Saturday, 4 April 2009

Fatal Contact


Directed by: Dennis Law
Written by: Dennis Law & Herman Yau
Starring: Wu Jing, Ronald Cheng, Miki Yeung & Kenneth Lo

While not always successful in its intentions to deliver believable drama alongside some magnificent martial arts action, Fatal Contact is nevertheless an enjoyable fight flick that once again shows off the incredible skills of leading man, Wu Jing (SPL, Invisible Target). He plays Kong, a national team karate champ who is making ends meet by touring with a performing circus show. However, some local gangsters (including Lam Suet and Yu Xing) take notice of his skills and offer him respectable money to take part in some full contact, underground fights. He refuses but is later persuaded by fellow circus member and budding romance interest Tin (Miki Yueng). Kong immediately impresses in the fight arena and earns a deadly reputation and increasing wage. He also befriends Captain (Cheng) a bumbling henchman for the gangsters who may also be a gifted fighter. As the fights increase in danger and the money becomes harder and harder to resist, Kong finds his life taking on a darker side, not least in the possible questionable motives of Tin being with him and continually persuading him to fight.

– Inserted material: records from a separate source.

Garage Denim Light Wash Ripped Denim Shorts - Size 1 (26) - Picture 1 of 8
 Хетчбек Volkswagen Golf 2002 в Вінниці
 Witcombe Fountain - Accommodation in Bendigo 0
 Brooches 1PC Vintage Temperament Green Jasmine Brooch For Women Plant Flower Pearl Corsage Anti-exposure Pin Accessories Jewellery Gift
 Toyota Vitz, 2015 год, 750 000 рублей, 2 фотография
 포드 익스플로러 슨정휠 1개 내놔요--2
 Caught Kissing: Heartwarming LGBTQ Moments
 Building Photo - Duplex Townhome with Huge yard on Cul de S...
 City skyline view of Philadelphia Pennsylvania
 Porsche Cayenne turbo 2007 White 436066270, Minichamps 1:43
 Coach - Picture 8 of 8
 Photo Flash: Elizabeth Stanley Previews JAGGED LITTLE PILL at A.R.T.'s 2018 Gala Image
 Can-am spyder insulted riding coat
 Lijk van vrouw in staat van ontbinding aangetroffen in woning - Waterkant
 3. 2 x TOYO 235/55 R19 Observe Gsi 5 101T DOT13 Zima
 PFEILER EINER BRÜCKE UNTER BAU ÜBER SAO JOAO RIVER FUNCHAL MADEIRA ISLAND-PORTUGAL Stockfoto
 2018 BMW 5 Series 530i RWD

First and foremost, Fatal Contact is a superb fight flick. If you are sick and tired of over-shot and over-cut fight scenes then check out the crisp clear, one-on-one duels of Fatal Contact. It may still be movie fighting and wires are used here and there, but the fights are knuckle-busting, high-kicking, full-contact as good as it gets. Staged by Nicky Li (from the Jackie Chan Stunt Team), the glorious dust ups let Jing showcase his impressive bootwork skills. The fights are refreshingly allowed to play out and it’s great to see a flick packed with so many fights of the hero taking on increasingly dangerous opponents. The showstopper has to be the three way fight were Jing takes on a massive, tattooed foreigner, a nasty dude with nails in his shoes (Kenji Tanigaki) and finally Andy On from Invisible Target and New Police Story.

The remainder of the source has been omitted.